A complete turn measures 360°. This represents a full rotation around a point, bringing you back to your starting position.

Straight line angle

The angle on a straight line measures 180°. This represents half of a complete turn and forms a straight line.

Acute angle

An acute angle measures between 0° and 90°. These angles are smaller than a right angle and appear "sharp" or narrow.

Obtuse angle

An obtuse angle measures between 90° and 180°. These angles are larger than a right angle but smaller than a straight line angle.

Reflex angle

A reflex angle measures between 180° and 360°. These angles are larger than a straight line angle but smaller than a complete turn.

Properties of angles

Several important relationships exist between angles when lines intersect or meet at points.
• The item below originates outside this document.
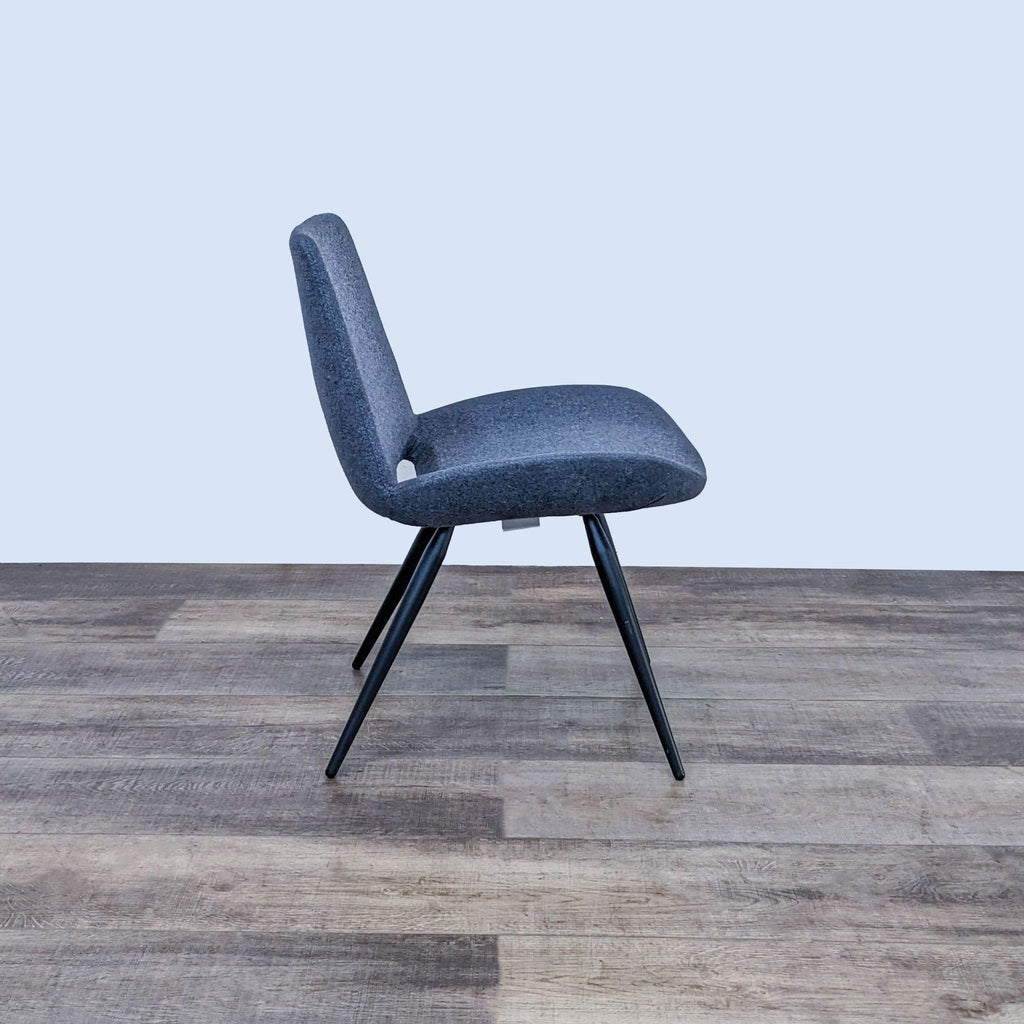 Side view of an ergonomic dining chair with a cushioned seat.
These properties are frequently tested in examinations.

Angles on a straight line

When angles meet along a straight line, their sum always equals 180°. This is written as: $a + b + c = 180°$

Supplementary angles

Two angles are called supplementary angles when they add together to make 180°. If one angle measures 70°, its supplementary angle measures 110°.

Angles around a point

When angles meet at a single point, their sum always equals 360°. This represents a complete turn around the point.

Vertically opposite angles

When two straight lines cross at a point, they form two pairs of vertically opposite angles. These angles are always equal to each other.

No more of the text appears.